*Task to complete*: The response must consist of the records below, copied exactly.

*Provided information*:
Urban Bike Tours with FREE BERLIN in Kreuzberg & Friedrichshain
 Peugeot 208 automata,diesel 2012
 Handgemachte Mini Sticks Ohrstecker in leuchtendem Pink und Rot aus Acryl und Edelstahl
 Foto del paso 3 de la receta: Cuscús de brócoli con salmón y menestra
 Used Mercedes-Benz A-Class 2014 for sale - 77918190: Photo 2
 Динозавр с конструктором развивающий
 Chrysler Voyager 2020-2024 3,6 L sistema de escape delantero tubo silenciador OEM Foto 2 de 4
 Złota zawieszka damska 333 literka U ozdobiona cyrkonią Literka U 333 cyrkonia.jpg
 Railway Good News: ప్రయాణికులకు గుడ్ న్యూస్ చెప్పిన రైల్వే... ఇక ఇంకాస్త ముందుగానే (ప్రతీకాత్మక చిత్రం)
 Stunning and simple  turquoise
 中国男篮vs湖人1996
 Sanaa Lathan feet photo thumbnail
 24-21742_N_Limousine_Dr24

*Written solution*:
Urban Bike Tours with FREE BERLIN in Kreuzberg & Friedrichshain
 Peugeot 208 automata,diesel 2012
 Handgemachte Mini Sticks Ohrstecker in leuchtendem Pink und Rot aus Acryl und Edelstahl
 Foto del paso 3 de la receta: Cuscús de brócoli con salmón y menestra
 Used Mercedes-Benz A-Class 2014 for sale - 77918190: Photo 2
 Динозавр с конструктором развивающий
 Chrysler Voyager 2020-2024 3,6 L sistema de escape delantero tubo silenciador OEM Foto 2 de 4
 Złota zawieszka damska 333 literka U ozdobiona cyrkonią Literka U 333 cyrkonia.jpg
 Railway Good News: ప్రయాణికులకు గుడ్ న్యూస్ చెప్పిన రైల్వే... ఇక ఇంకాస్త ముందుగానే (ప్రతీకాత్మక చిత్రం)
 Stunning and simple  turquoise
 中国男篮vs湖人1996
 Sanaa Lathan feet photo thumbnail
 24-21742_N_Limousine_Dr24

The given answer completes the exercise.